━━━ Records ━━━
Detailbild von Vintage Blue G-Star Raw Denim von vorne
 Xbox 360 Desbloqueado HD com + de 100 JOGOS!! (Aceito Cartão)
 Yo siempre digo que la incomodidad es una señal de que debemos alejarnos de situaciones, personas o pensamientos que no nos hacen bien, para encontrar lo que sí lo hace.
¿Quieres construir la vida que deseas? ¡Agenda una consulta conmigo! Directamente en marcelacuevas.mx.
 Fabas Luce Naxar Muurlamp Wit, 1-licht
━━━
For each record above, write it out again exactly.

Detailbild von Vintage Blue G-Star Raw Denim von vorne
 Xbox 360 Desbloqueado HD com + de 100 JOGOS!! (Aceito Cartão)
 Yo siempre digo que la incomodidad es una señal de que debemos alejarnos de situaciones, personas o pensamientos que no nos hacen bien, para encontrar lo que sí lo hace.
¿Quieres construir la vida que deseas? ¡Agenda una consulta conmigo! Directamente en marcelacuevas.mx.
 Fabas Luce Naxar Muurlamp Wit, 1-licht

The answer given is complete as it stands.